* [About this task]:
Reproduce everything from the line that contains "SPORT3PUNTO0 WINTERSTIEFEL ZZ-20" down to the line that contains "iwi-пневматиче" in the listing below, word for word and nothing more. Leave the pictures out.
####
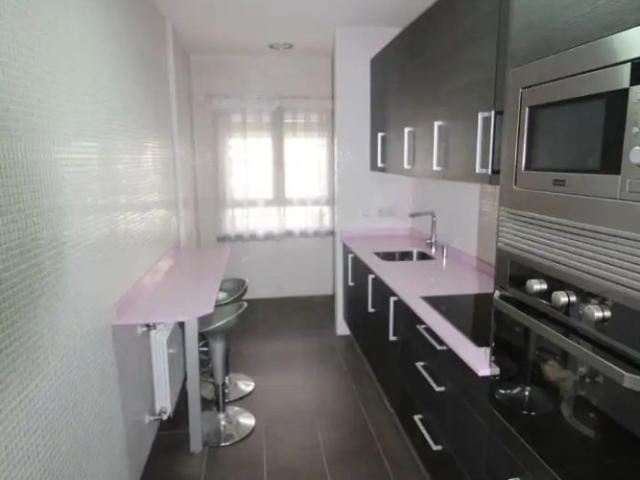 Apartamento en alquiler en Ciudad Real, Castilla-La Mancha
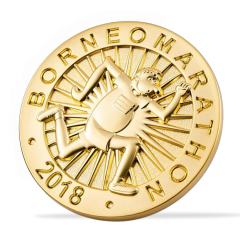 Custom Shiny Coins (no color)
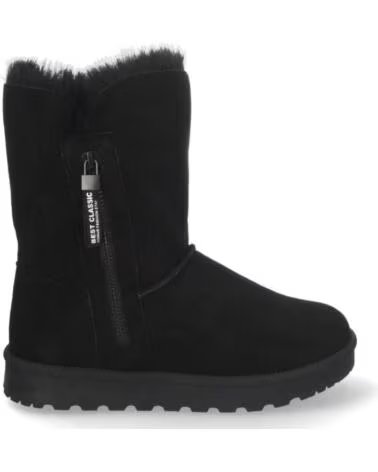 SPORT3PUNTO0 WINTERSTIEFEL ZZ-20 VARIOS COLORES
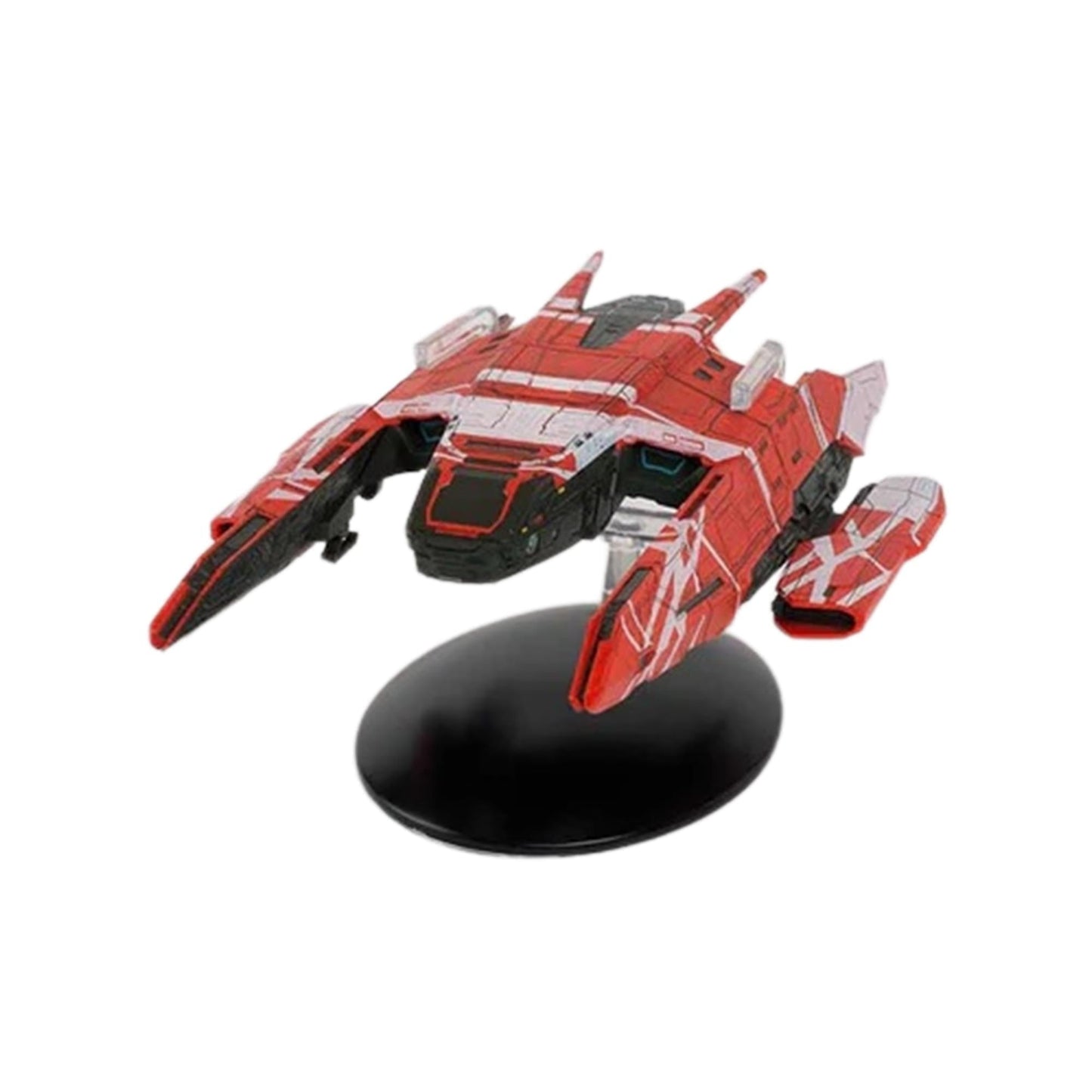 Star Trek Collectible Ship Replica La Sirena - Paramount Shop
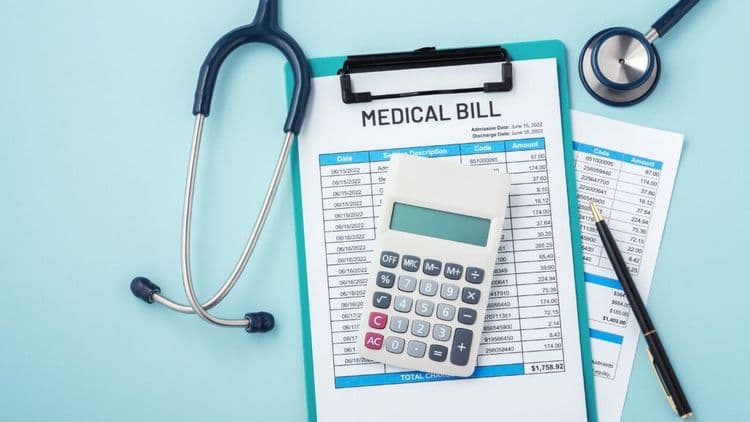 $30 Billion in Medical Debt Wiped Out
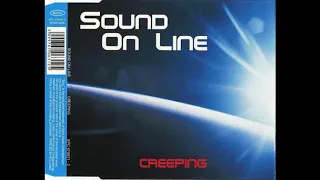 Sound On Line - Creeping (Narghilè Radio Mix)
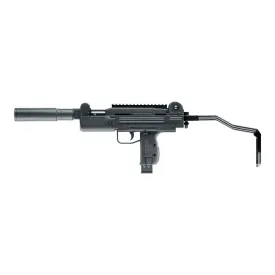 iwi-пневматический-пистолет-mini-uzi-4.5mm-pellet-7.5j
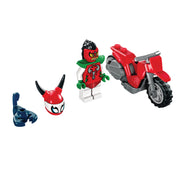 60332 Reckless Scorpion Stunt Bike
####
* [Task solution]:
 SPORT3PUNTO0 WINTERSTIEFEL ZZ-20 VARIOS COLORES
 Star Trek Collectible Ship Replica La Sirena - Paramount Shop
 $30 Billion in Medical Debt Wiped Out
 Sound On Line - Creeping (Narghilè Radio Mix)
 iwi-пневматический-пистолет-mini-uzi-4.5mm-pellet-7.5j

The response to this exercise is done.